Imports add insult to penury

By Eamonn Sweeney


Sunday April 24 2011

A couple of weeks back Vincent Browne was quizzing some gimp from the Irish Exporters' Association who thinks the national minimum wage is too high. So Browne asks your man, "Could you live on 7.60 an hour," and the reply is, "I couldn't but that's not the issue."

If confronted by someone who's struggling and wonders why they should take a cut to wages which are a paltry fraction of what he earns, Gimpy's basic argument would be, "Because I'm special and you're only a bollocks." He might not put it in those words exactly but that's what it boils down to.

Similarly, people who are struggling to keep their head above water might wonder why former AIB managing director Colm Doherty was paid €3m for 11 months' work when, to the untrained eye, it might appear that he hadn't exactly covered himself in glory. If one of us plebs managed to corner Mr Doherty in his mansion, what would be his answer be? Yep. "Because I'm special and you're only a bollocks."

Because I'm special and you're only a bollocks. It could be the motto of the bankers, the developers and their political cronies who have propelled the country down the road to ruin at a speed Lewis Hamilton would envy. You could put it on a little coat of arms and hang it over their fireplaces.

Nothing has done more damage to national morale than this notion that there is a special class of people, smart ballsy guys who don't have to abide by the same rules as the rest of us. Why not? Because . . . you know the rest. It's a wonder they didn't emblazon it on the side of the ministerial cars. If there was ever an attitude which should have had its day, it's this one. Yet those misguided souls who are arguing that inter-county managers should be paid are asking the GAA to enshrine this attitude in its rules.

Because if inter-county players, who have been told that pay for play would destroy the Association, who have been refused a cut of the lucrative television rights and sponsorship deals negotiated by the GAA on the back of their efforts, who have even seen the money squeezed by the GPA out of the Irish Sports Council cut so severely as to become a mere token, have to flog their guts out for managers who are being given big salaries by the county boards, they might want to ask the boss why.

And there's only one reason he could give them. "Because I'm special and you're only a bollocks."

The deployment of a cadre of professional managers in a sport played by amateurs makes a nonsense of the egalitarian and democratic nature of the GAA which is the Association's greatest strength. And, to his credit, the outgoing president Christy Cooney knows that. That's why he came out so strongly against the payment of managers in his final speech to Congress.

"This is a cancer running through our organisation," said Cooney, "which is nurtured and supported by poor or complete abdication of leadership and sometimes carefully orchestrated through supporters' clubs or so-called friends of the GAA, people very often with an interest in the realisation of short-term goals only and no interest in or understanding of our rules and regulations. What is the point of our so-called voluntary ethos and our amateur status? Why are we in denial? Why do we proclaim our values and then fail to deliver? It is time to stand up and be counted."

Christy Cooney has been an immensely impressive GAA president.
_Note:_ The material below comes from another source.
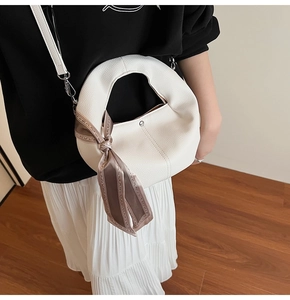Close-up of white crescent bag with lychee texture leather and decorative silk scarf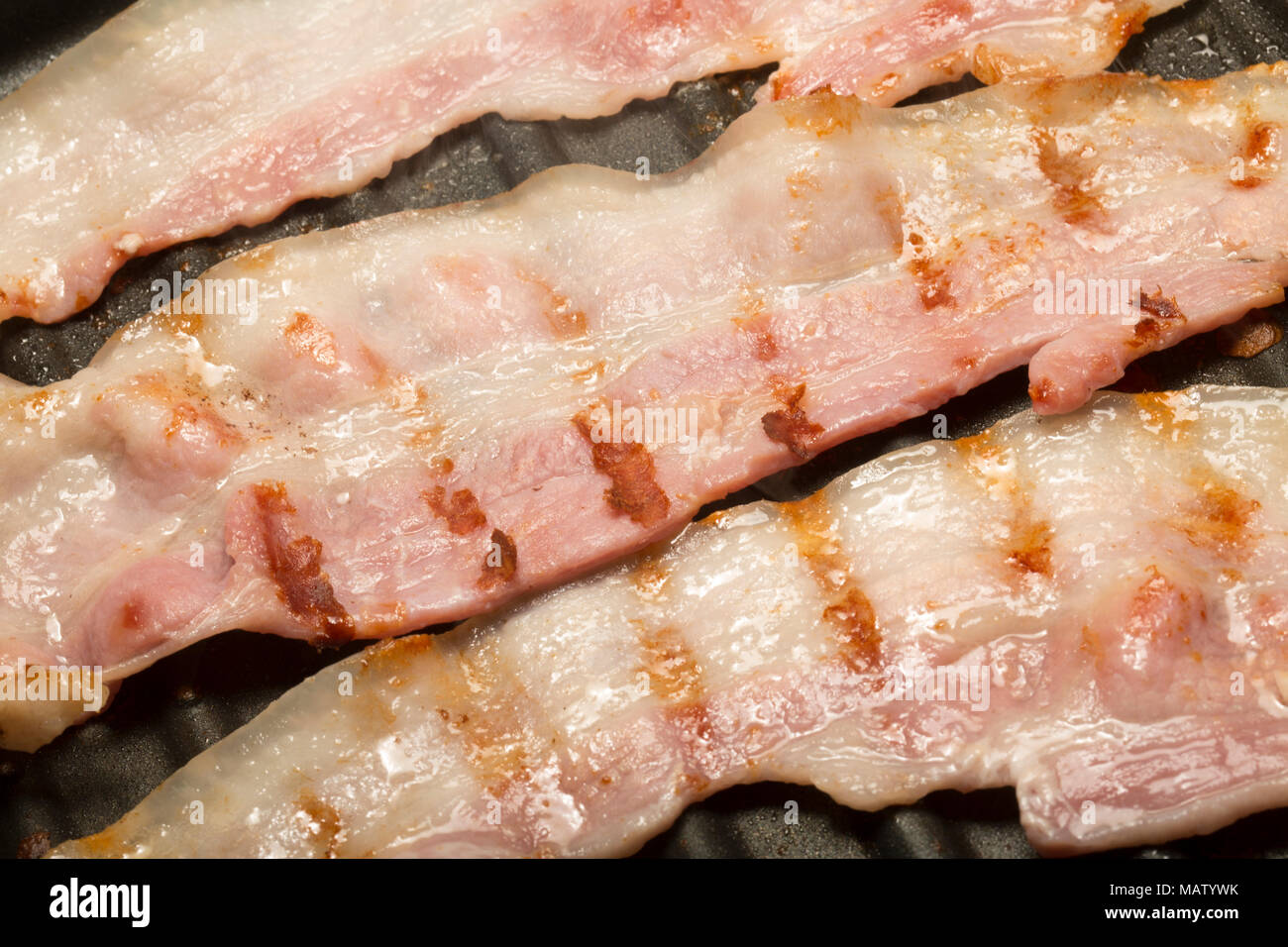 Striata, unsmoked pancetta UE da un supermercato fritti su un George Foreman riducendo il grasso Grill utilizzando il grasso naturale della pancetta. Regno Unito Foto Stock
He put an end to years of ____________footing by recognising the GPA, he made the hugely important gesture of carrying Ronan Kerr's coffin, he has spoken intelligently about the issues facing the Association while, equally importantly, resisting the temptation to talk when he had nothing to say.

But if his Congress speech manages to get the GAA to face up to the mockery being made of the Association's ethos by the payment of managers, it might be Cooney's greatest legacy. Because there is something obscene about the fact that counties are forking out big money to high-profile outside managers at a time when many of their players are unemployed and struggling to make ends meet.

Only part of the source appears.